Celtic v Porto, May 21st, Seville. It’s a date that lives in Bhoys infamy.
Yes, the run to the final was magnificent. As a game, it tore at our heartstrings, whether you were in the sun with thousands of others, or biting your nails at home.
Larsson’s magnificent headers took the game into extra time, but the heat, Baldé’s sending off and Mourinho’s men’s antics made it a torrid night for the thousands of Celtic supporters inside and outside the stadium. We haven’t reached a European Final since, and there’s still an element of “what if” about that famous night.
What if, for example, it’d been a bit colder?
Porto hero Ricardo Costa suggests it was the climate that swung the match in the side’s favour. In an interview with TVI24, Costa relived that night in 2003. Costa came on as an early substitute for Costinha, after the midfielder was forced off by an injury.
Costa said TVI24:
“It was 42 degrees. Our president had a break and he felt bad about it. And even we players had some concentration issues because it was physically very demanding to play 120 minutes under those conditions.
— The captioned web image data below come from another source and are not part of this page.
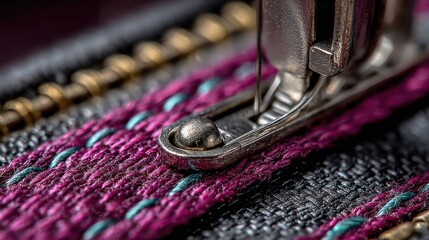 Close-up of sewing machine stitching colorful fabric with precision and detail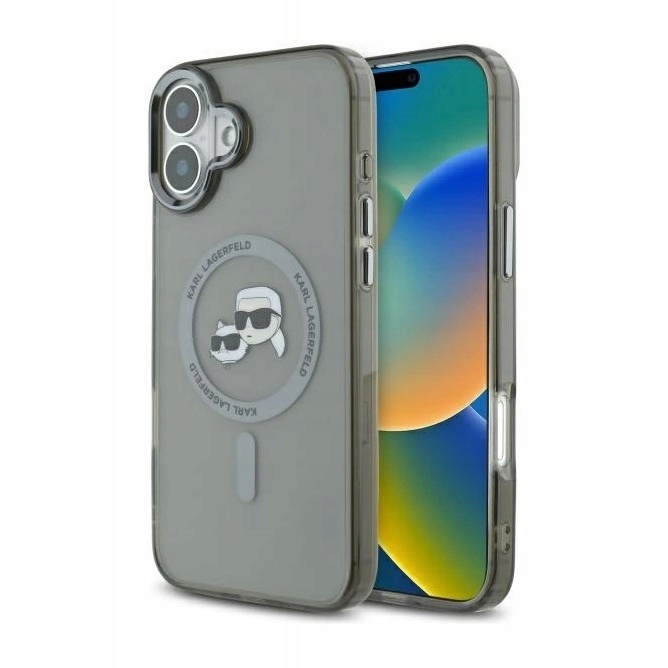 Pouzdro pro iPhone 16 Karl Lagerfeld IML Metal Karl&Choupette černé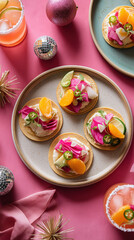 Festive holiday appetizers and cocktails for a party. Colorful tostadas with radish and orange on a pink background. Top view flat lay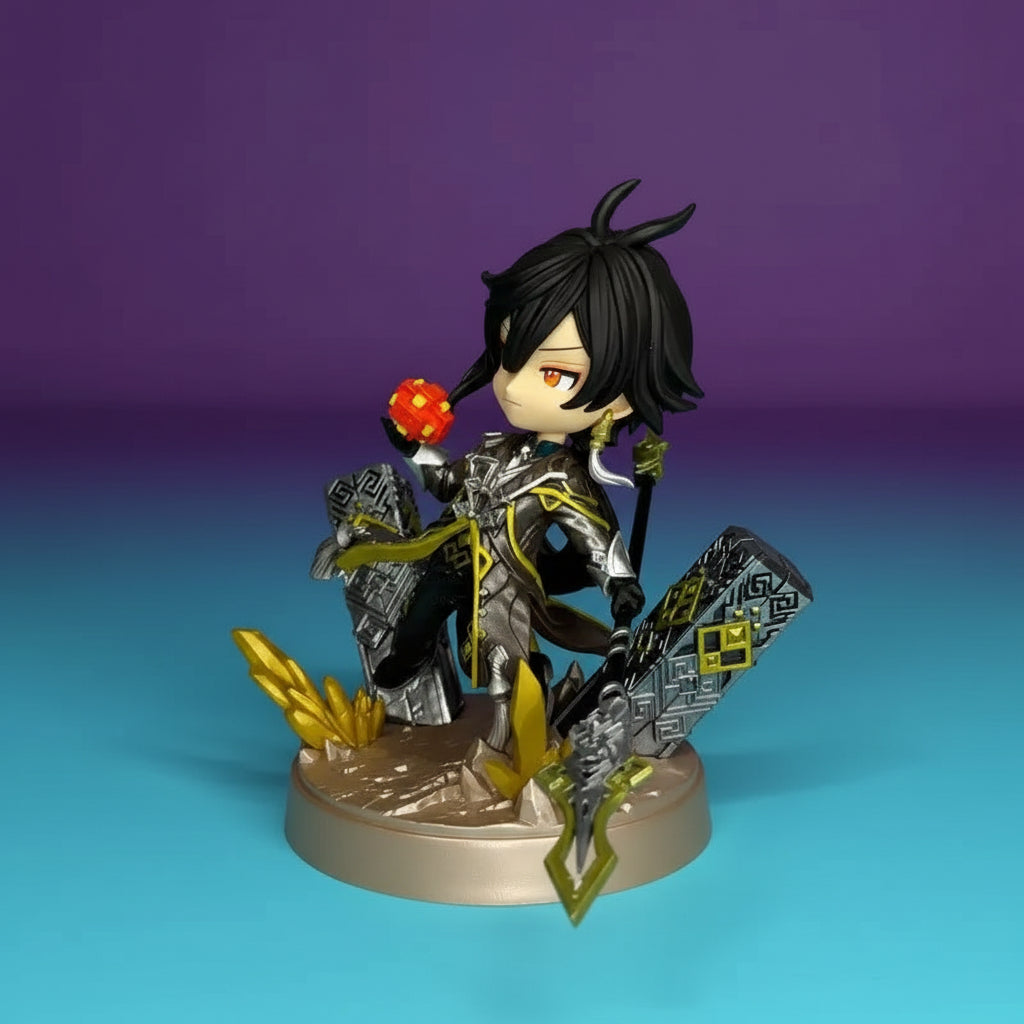Figura Zhongli Genshin Impact - Modelo Coleccionable Q Version Bandai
“In fact, Celtic ‘died’ in extra time and in the transition we were lethal. We scored, they drew. Until we [went] into extra time with that feeling of ‘it has to be now’, [then we went up] 3-2 with five minutes to go.
“When we all fell there on the pitch to celebrate, we thought: ‘No one else will ever take this away from us’.”
If only it’d been a year later, if Ricardo Costa is right about Celtic in Seville
Consider this; the 2004 UEFA Cup Final was held in Gothenburg. According to a quick Google search, the average high temperature in May is just 17 degrees.
Certainly, the Celtic players could’ve handled that.
But there were hot nights on the run to Seville. The conditions against Celta Vigo and Boavista were surely relatively comparable. Having to play 120 minutes in the blaring heat of Andalusia with thousands of people anxiously watching doesn’t sound like the easiest task, though.
Sometimes, it just isn’t meant to be. Sadly, that was the case in Seville.